What you have to do - Output exactly the lines from the line that has "Datum toegevoegd = feb" through the last line of the data below, with no pictures.

The input -
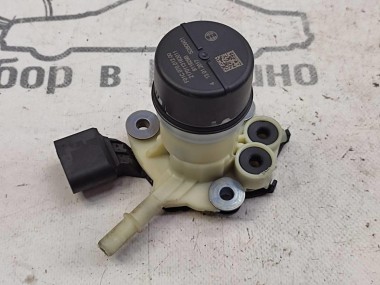 Насос AdBlue MERCEDES-BENZ GLE-класс W166 (2015 - 2018) — Разборка Мерседес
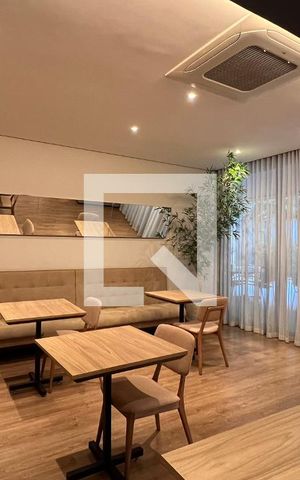Apartamento à venda com 60m², 2 quartos e 1 vaga Apartamento à venda com 60m², 2 quartos e 1 vagaÁrea comum - Salão de festas
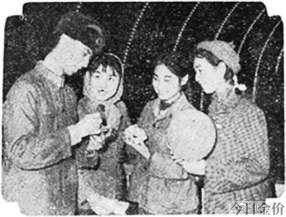 1981年黄金多少钱一克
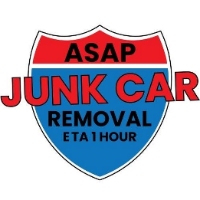 ASAP Junk Car Removal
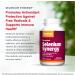 Jarrow Formulas Selenium Synergy 60 Capsules - Immune Support & Antioxidant Formula - Buy Online on GoSupps.com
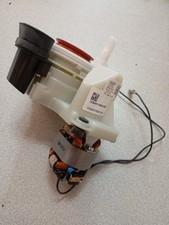 5113210811 13256901 Moteur Moulin Machine Café Cafetière Delonghi ESAM04.110.B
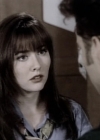 Bestandsnaam=charmed-online_dot_nl-BeverlyHills90210-2x16-1380.jpg
Bestandsgrootte=76KiB
Afmetingen = 464x352
Datum toegevoegd = feb 01, 2016 charmed-online_dot_nl-BeverlyHills90210-2x16-1380.jpg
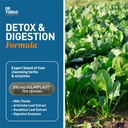 dr-tobias-liver-21-day-cleanse-and-lipos-2.jpg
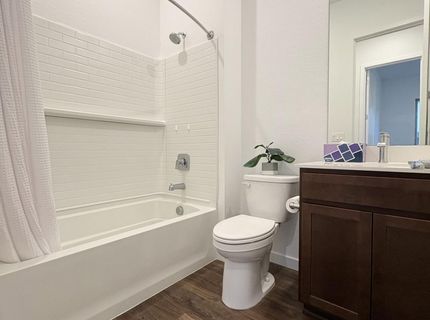 1852 Hogan Peak Street, Carson City, NV 89701 Photo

Result of the exercise -
Datum toegevoegd = feb 01, 2016 charmed-online_dot_nl-BeverlyHills90210-2x16-1380.jpg
 dr-tobias-liver-21-day-cleanse-and-lipos-2.jpg
 1852 Hogan Peak Street, Carson City, NV 89701 Photo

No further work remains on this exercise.